* DATA SECTION
^^^^^^^^

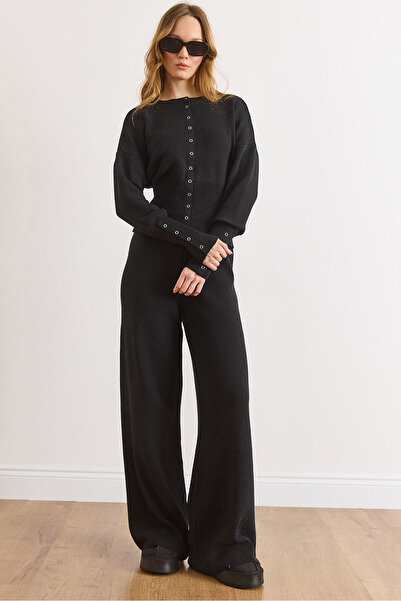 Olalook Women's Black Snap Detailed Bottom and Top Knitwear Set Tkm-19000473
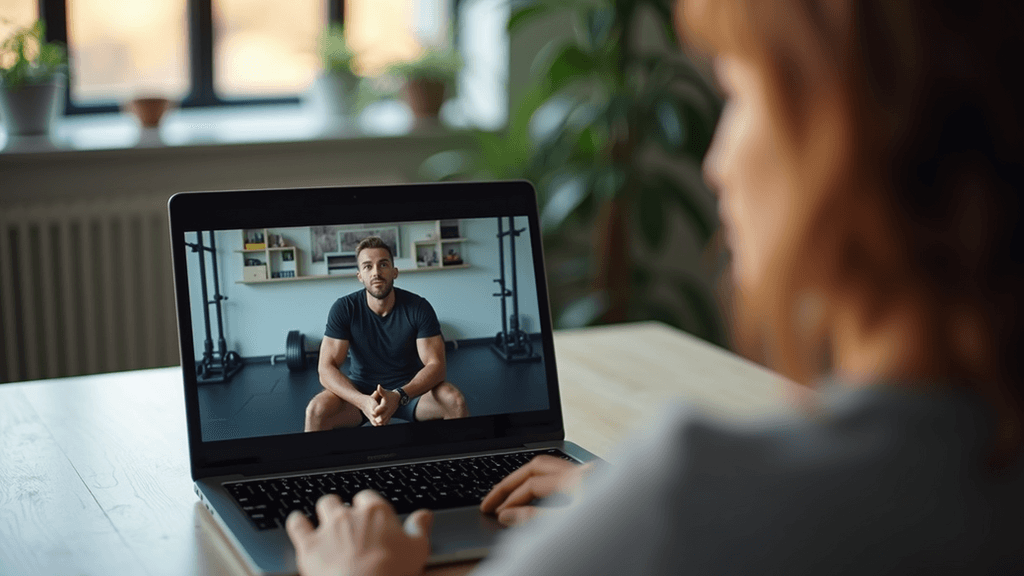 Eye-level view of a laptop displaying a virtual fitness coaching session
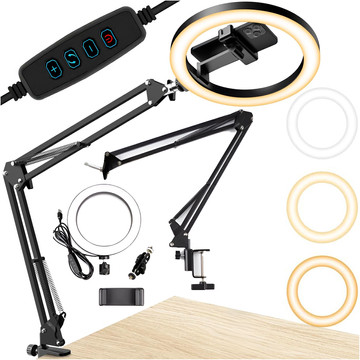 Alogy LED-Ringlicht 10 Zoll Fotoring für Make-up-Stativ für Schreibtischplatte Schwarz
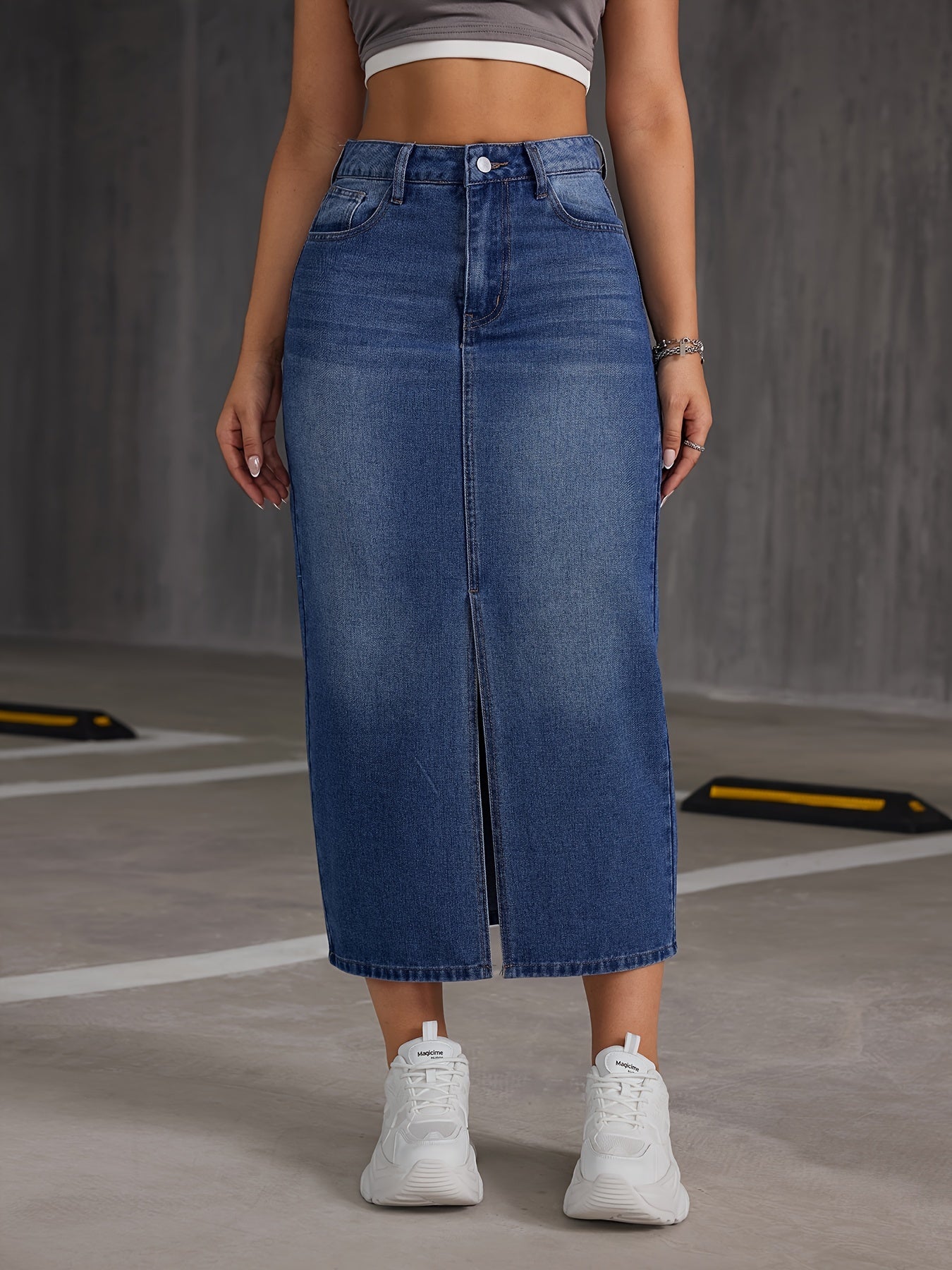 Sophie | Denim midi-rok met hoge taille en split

^^^^^^^^

* GOAL OF THE EXERCISE
Pictures are to be excluded; all other material must be transcribed exactly.

* EXERCISE OUTPUT
 Olalook Women's Black Snap Detailed Bottom and Top Knitwear Set Tkm-19000473
 Eye-level view of a laptop displaying a virtual fitness coaching session
 Alogy LED-Ringlicht 10 Zoll Fotoring für Make-up-Stativ für Schreibtischplatte Schwarz
 Sophie | Denim midi-rok met hoge taille en split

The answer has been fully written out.